In-Space Manufacturing Project (prior to FY15: Additive Manufacturing Technology Development) (ISM)

Completed Technology Project

Project Description

3D Printing in Space Test on the International Space Station (ISS)

The In-Space Manufacturing (ISM) project is responsible for developing the manufacturing capabilities that will provide on-demand, sustainable operations during NASA Exploration Missions (in-transit and on-surface). This includes testing & advancing the desired technologies, as well as establishing the required skills & processes for the processes (such as certification and characterization) that will enable the technologies to become institutionalized.

The key capabilities being developed in ISM to support this “make it, don’t take it” approach include developing a 3D printing Fabrication Laboratory (‘FabLab’) that can manufacture parts in space using multiple materials, as well as the ability to embed printed electronics, in-space recycling of printed parts and other materials such as packaging in order to reduce mass and waste, and manufacturing structures externally in space.  In 2015, the ISM project made history by sending the first 3D printer to ISS and manufacturing the first parts ever in space. This was a critical first step in demonstrating additive manufacturing in microgravity.

Note: Prior to FY15, this project was named the Additive Manufacturing Technology Development project.


Long-term mission objectives require a dramatic paradigm shift in the design and development of space architectures.  An analysis of the Problem Reporting and Corrective Action System for failures on the ISS revealed that 88% of those failures could have been remedied and hardware put quickly back into operation with on-board fabrication and repair technologies.   ISM offers an elegant solution for sustainability and affordability by identifying and developing on-demand processes, such as additive manufacturing, to address the in-space construction, repair, and maintenance of vehicles, critical systems, habitats, and uncrewed spacecraft for long-duration missions (both in-transit and on-surface).  These capabilities, along with the optimum use of recycled and in situ materials, provide meaningful mission cost savings due to reducing launch mass, as well as significant risk reduction due to decreasing dependence on spares and/or over-designing systems for reliability.  Objectives will be met through the demonstration of periodic, evolving technology demonstrations in space environments.

To truly develop the capabilities needed for the first long-duration exploration missions, ISM is generating the requirements for an integrated multi-material Fabrication Laboratory (‘Fab Lab’) that will be capable of manufacturing multi-material parts with embedded electronics, autonomous operations, inspection capability, and optimized performance for volume, accuracy, repeatability, etc.  The first generation Fab Lab will be a rack facility on the ISS competed via a Broad Agency Announcement (BAA) in 2017.  Near-term objectives that inform the requirement development include continued operations of the 3D Printer Tech Demo (Small Business Innovation and Research (SBIR)) onboard the ISS, use of a commercial Additive Manufacturing Facility (AMF) printer (also SBIR and CASIS) scheduled to be delivered to the ISS in FY16, and the characterization of ground and space-printed parts to determine microgravity effects, if any.  Other FY16 work includes the development of an in-space recycler demonstration for the ISS in FY17 (via SBIR) and multiple SBIRs to identify and evaluate common-use materials that can initially serve as packaging and stowage materials, then be recycled into raw feedstock for the additive manufacturing of new parts.
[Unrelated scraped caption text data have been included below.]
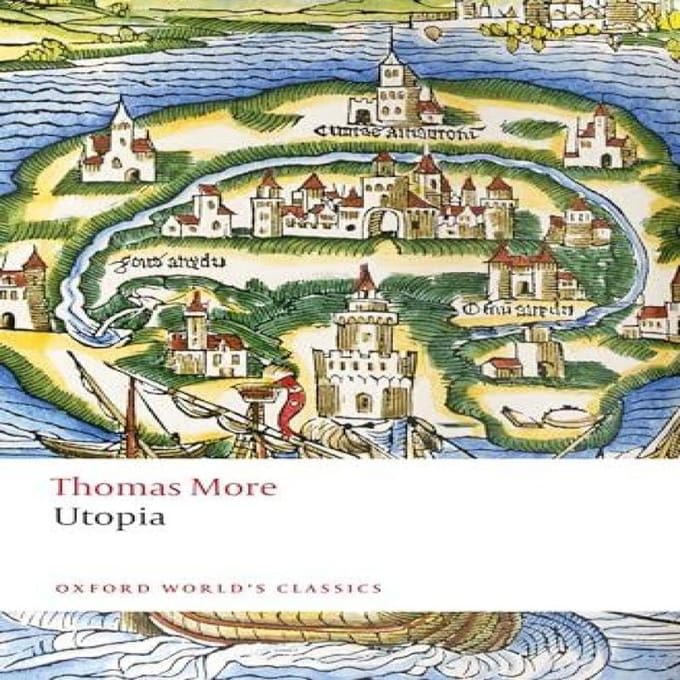 Utopia par Thomas More Livre de poche 9780198860204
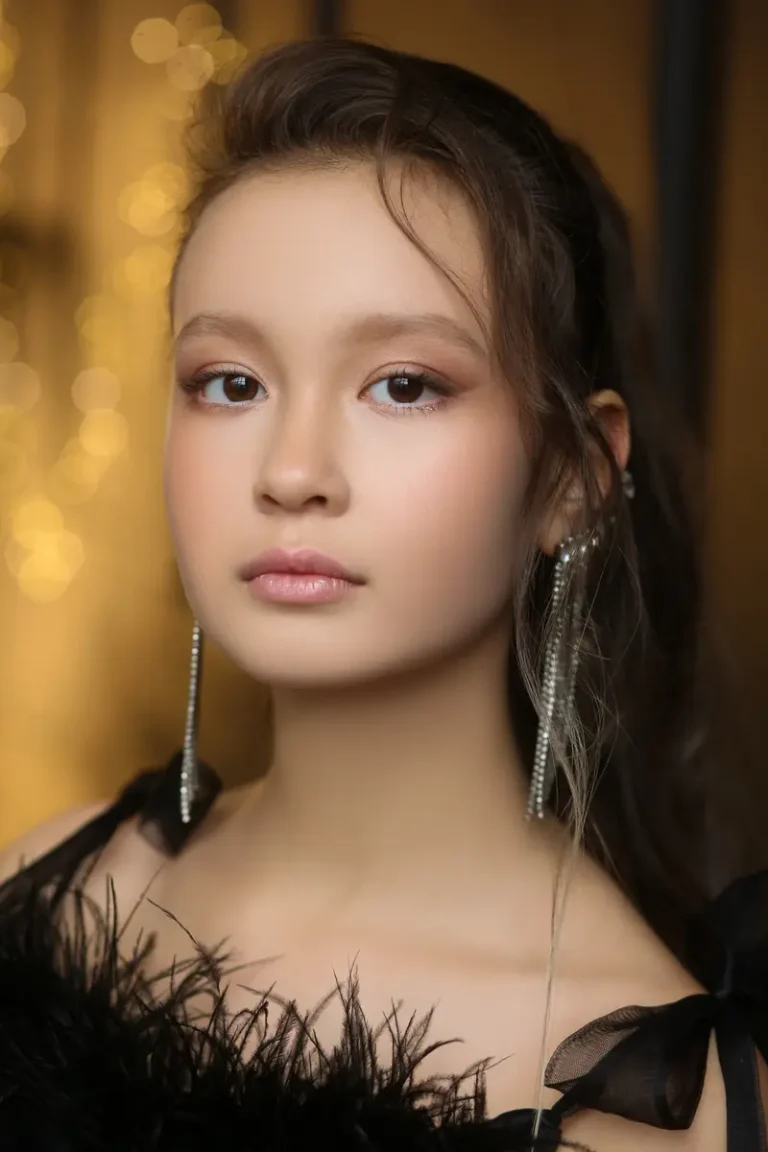 Model Polina — FAIR Magazine | The April Teen Edition | Vol.1 | 2025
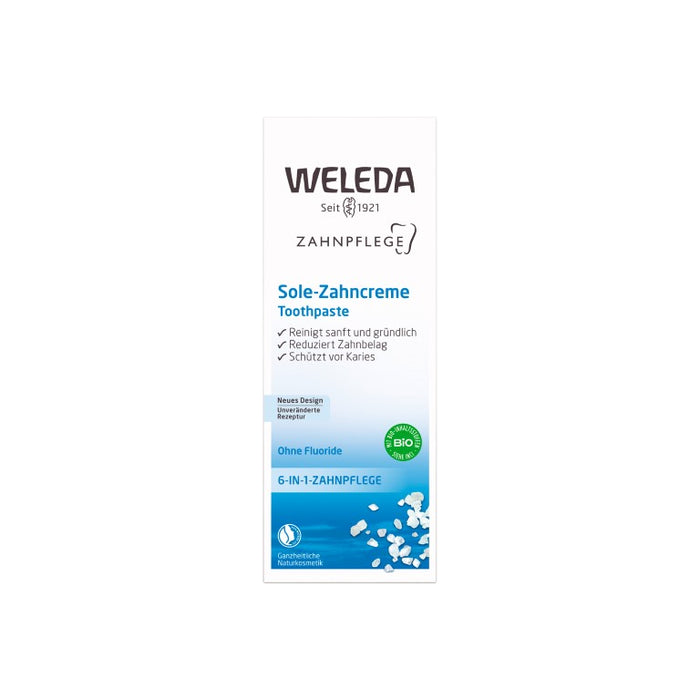 WELEDA Sole Zahncreme, 75 ml Toothpaste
These new 3-D printing technologies will provide the capability to produce hardware on-demand, directly lowering costs and decreasing risk by having the exact part or tool needed in the time it takes to print. This capability will also provide the much-needed solution to the cost, volume, and up-mass constraints that prohibit launching everything needed for long-duration or long-distance missions from Earth, including spare parts and replacement systems. This project is the first step towards realizing a “machine shop” in space, which is a critical enabling component of any deep space exploration mission.